The Postmistress Of Paris: A Novel by Meg Waite Clayton – Our Review
Inspired by the real-life Mary Jane Gold, the incredible Chicago born heiress who helped smuggle artists and creatives out of France during WWII.
An American, living in Paris for the past decade, Naneè is wealthy, beautiful, and quite the independent young woman. Learning to fly is a dream come true and the freedom she finds gliding through the air cannot be harnessed.
But, when German tanks rolls into Paris, Naneè and her delightful little pooch join the resistance to help others in the unfolding danger that the invasion poses. Delivering information to help those in hiding, Naneè risks her own sense of privilege to help deliver messages, and eventually individuals to safety.
Naneè has the biggest heart of all, and when she meets Edouard Moss and his adorable young daughter who have escaped Germany but now remain captured in a French labour camp, Naneè just can’t leave them afraid and alone.
So once again, she puts her freedom at risk for the sake of others.

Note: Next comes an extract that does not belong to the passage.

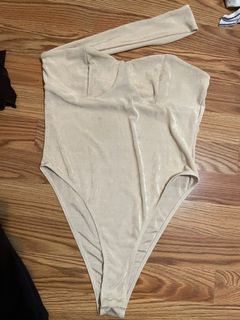 Shein Bodysuit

This book is a remarkable read, most of all I loved the strong and formidable female character and was inspired and challenged by her courage. A really special story that leaves you reflecting on freedom, and the sense of responsibility to ensure that freedom is for the collective and not just certain individuals.
Thrilling and fascinating, this one is not just for the historical fiction lover but anyone who loves a character driven story.